Ahead of its main New York evening sales series scheduled to take place this spring, Christie’s is bringing a painting by Jean-Michel Basquiat to the open market for the first time. His 1982 triptych Portrait of the Artist as a Young Derelict (1982) will be offered in Christie’s contemporary art evening sale this May. Bidding for the nearly-seven-foot-wide work will start at around $30 million, a Christie’s spokesperson said, although an estimate is only available upon request. Christie’s has yet to announce a date for sale.
Basquiat’s prices have seen a rapid rise in the last year. Only seven works by the artist, who died in 1988 at 27, have been auctioned for more than $40 million; three of those were sold last year. Most of them were produced in the early ’80s, during the era of the artist’s career that collectors and dealers consider to be most valuable.
Portrait of the Artist as a Young Derelict is a three-part painting on wood panel that features at its rightmost panel a leering face showing its teeth. The painting also loosely alludes to Basquiat’s own stardom and contains death-related imagery. The word “Morte” is written at the bottom of the painting’s middle panel over a drawing of a cross. In another section, an outlined crown—a recurring motif in Basquiat’s work—appears. The painting’s triptych format has been considered a reference to Northern Renaissance painting.

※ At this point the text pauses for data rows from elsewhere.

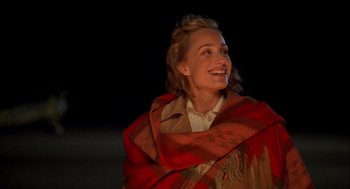 Movie still from “The English Patient” (1996), directed by Anthony Minghella – A woman in a red and brown shawl smiling; Close Up shot, Over the shoulder angle
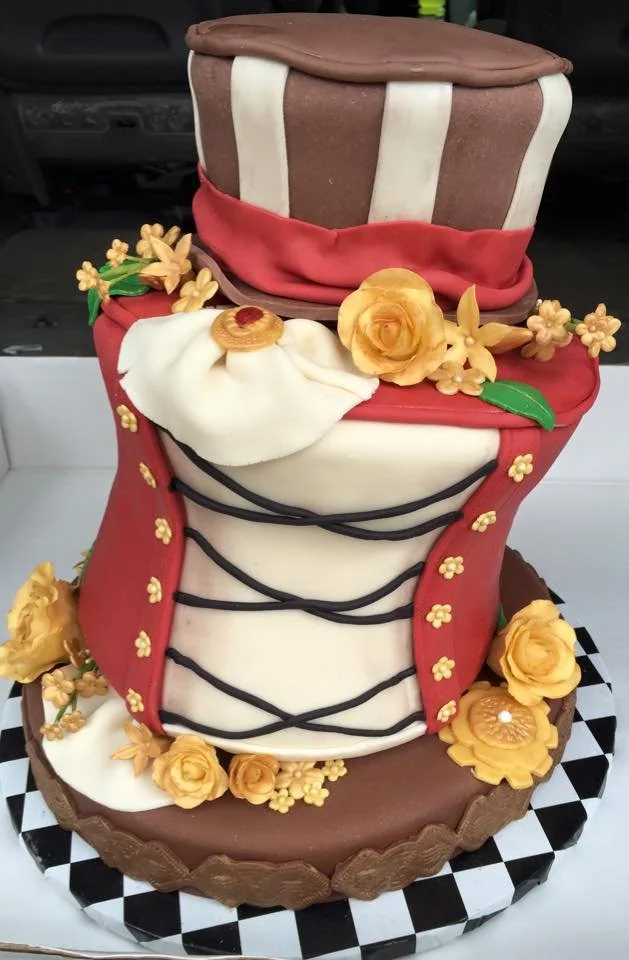 Intricate steampunk corset cake with metallic accents and themed hat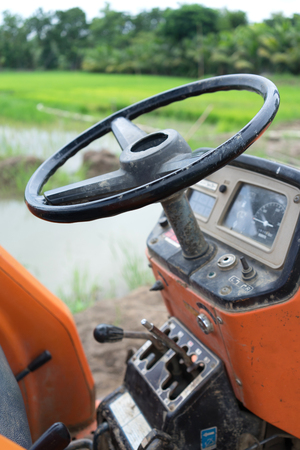 Tractor in a rice fieldの写真素材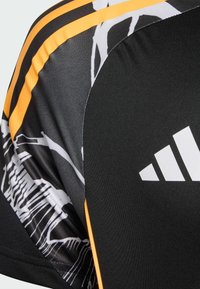 Čierne športové tričko s žltými pruhmi a abstraktnými bielymi vzormi. Obsahuje ergonomické švy a výrazné bílé logo na boku.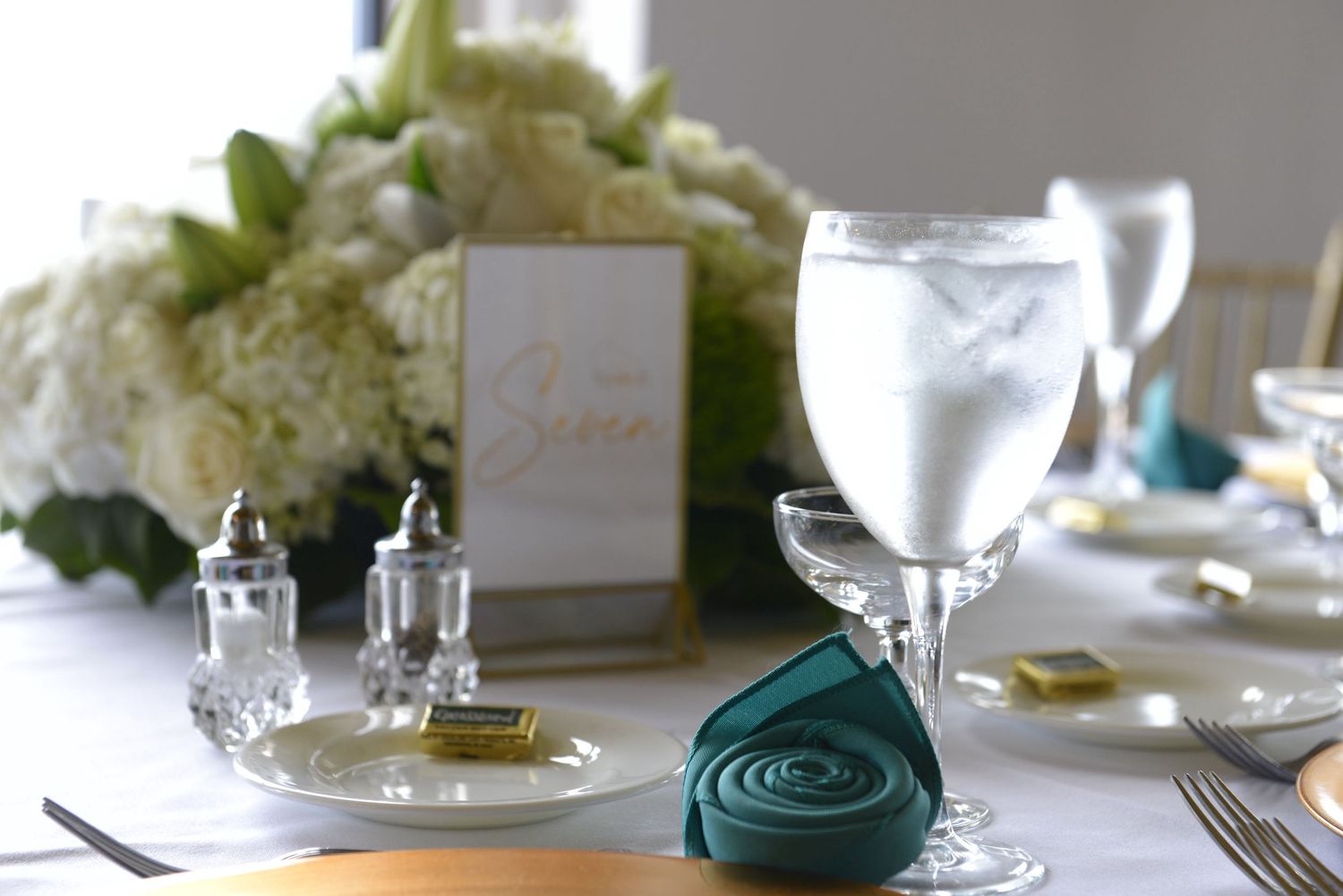 Elegant table setting with teal napkin, glassware, gold accents, and white floral centerpiece.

The work has been in the same private collection for 27 years. First showcased at New York’s Fun Gallery the same year it was produced, the piece has traveled to Basquiat shows at the Brooklyn Museum in New York, the Fondation Beyeler in Switzerland, the Musée d’Art Moderne de la Ville de Paris, and the Fondation Louis Vuitton, also in Paris, in 2019.
Ana Maria Celis, Christie’s head of 21st-century art sales, described the painting in a statement as “a rare work of self- portraiture” that was made as an “altar to graffiti art and artists.”
Alongside the present lot, another rare work by Basquiat that belonged to Keith Haring until the artist’s death in 1990 will also be sold by Christie’s. Showcased alongside the self-portrait at Fun Gallery in 1982, See Plate 3 (1982) is a two-foot-tall sculpture of black wooden box elevated on a four-legged pedestal. The phrase “HEAD OF A FRYER” is written on one of the box’s four facades; on another side, a crown is drawn. It will be offered at an estimate of $4 million–$6 million.